Any rumors or guesses what Easton plans to do with Velomax?


----------



## Nessism (Feb 6, 2004)

*Make rims?*



bikewriter said:


> Any rumors or guesses what Easton plans to do with Velomax?


Easton makes all kinds of aluminum stuff so maybe rims are next. Seems like a natural.


----------



## CLTRD (May 3, 2004)

Nessism said:


> Easton makes all kinds of aluminum stuff so maybe rims are next. Seems like a natural.


 I sure hope so.. they're usually on top with technology and quality.. I'd like to see what they can come up with


----------



## Coolhand (Jul 28, 2002)

bikewriter said:


> Any rumors or guesses what Easton plans to do with Velomax?

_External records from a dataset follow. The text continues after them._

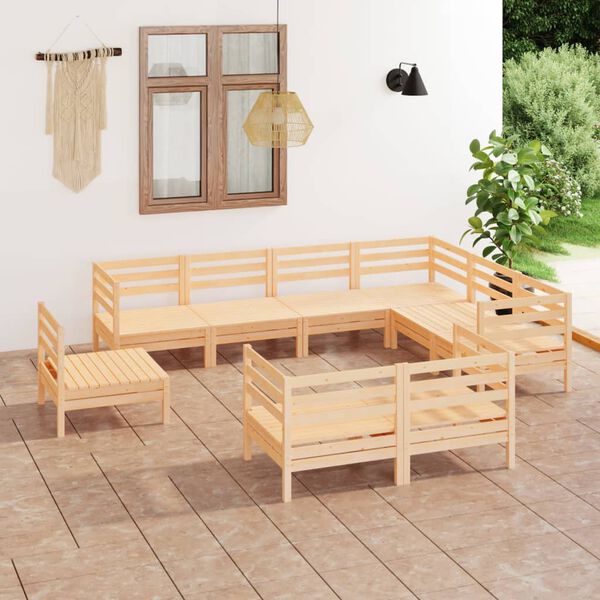 vidaXL 9 Piece Garden Lounge Set Solid Wood Pine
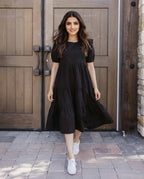 Black Ruffle Sleeve Tiered Midi Dress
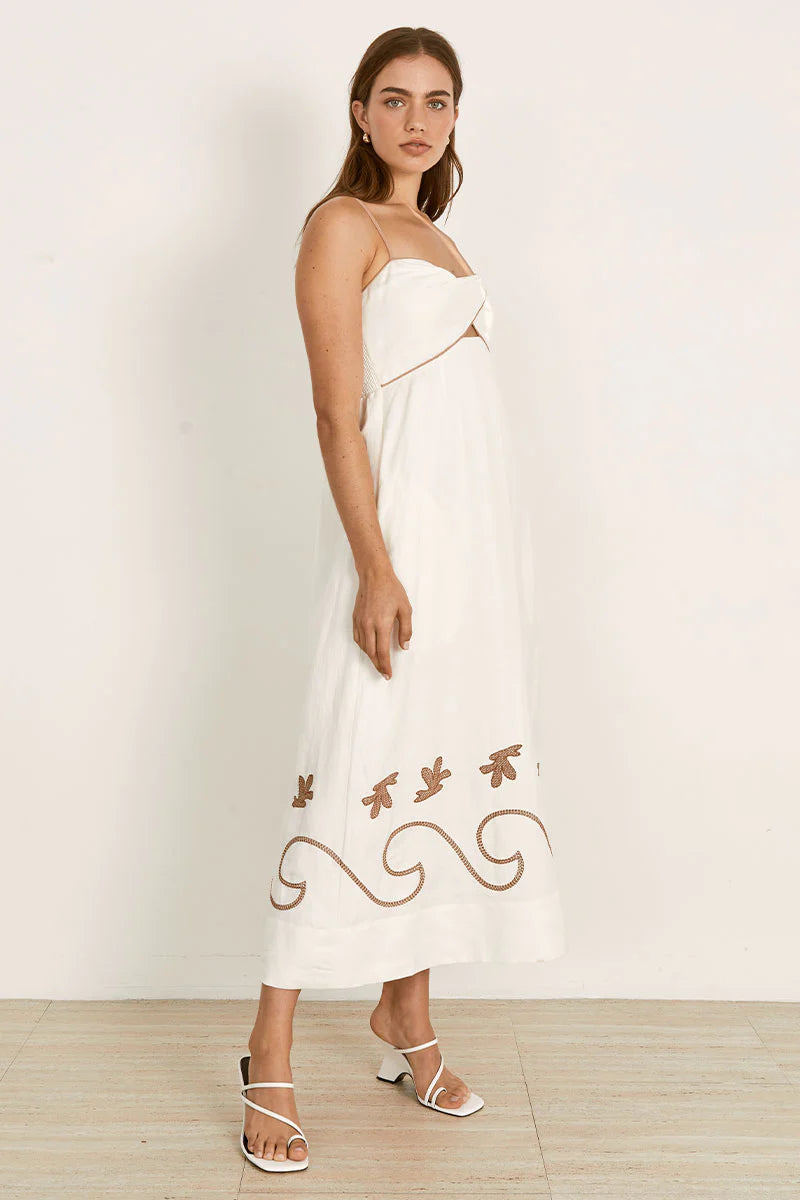 MON RENN23 Fresco Embroidered Sundress WHITE / NATURAL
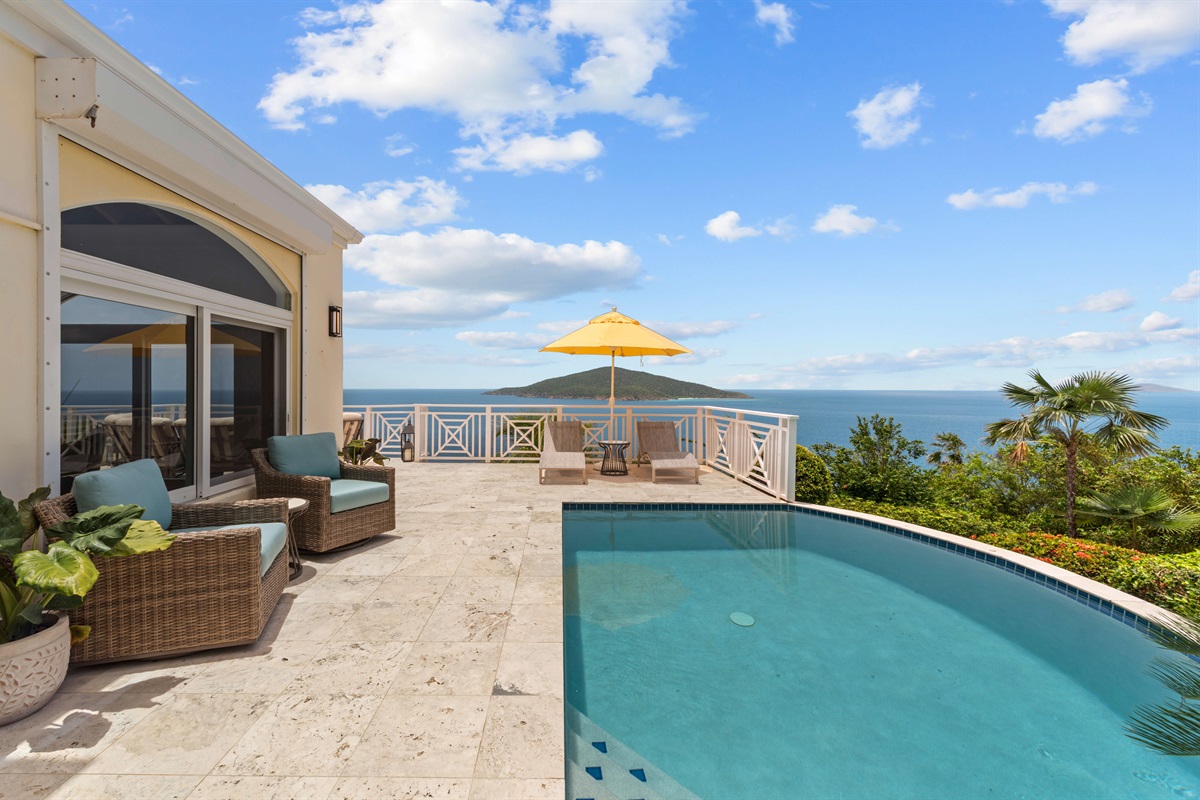 Private pool with loungers, shaded seating, and full sun for that Caribbean tan you've been craving.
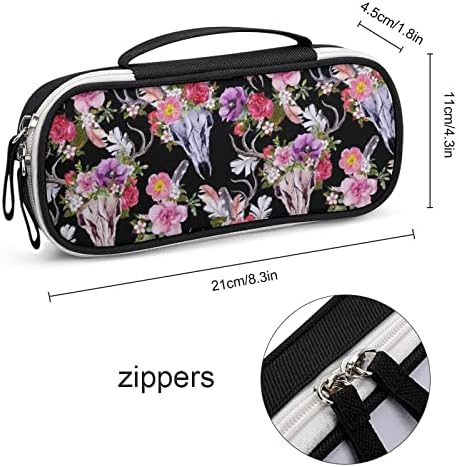 Черепи на елени со цвеќиња обичен лаптоп ранец рамо за рамо за рамената, пакет со пакети со џебови за мажи жени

Carbon, carbon, carbon- that's what next. Carbon wheels sell like hot cakes, but are still too expensive. Look for a Velomax carbon clincher wheelset next year to rival the spiffy Reynolds carbon clinchers. Easton has the knowledge and capacity to rival Reynolds, Zipp, and Mavic at the race wheel game.


----------



## Angular (Apr 25, 2004)

Does Velomax use some Velocity rims for its wheels? The Aerohead and DeepV profiles look to be very close matches. They rotated the rim profiles by 180 degrees


----------



## Gripfer (Apr 22, 2002)

*Easton Wheels?*

My experience with easton wouldn't lead me to buy wheels from them


----------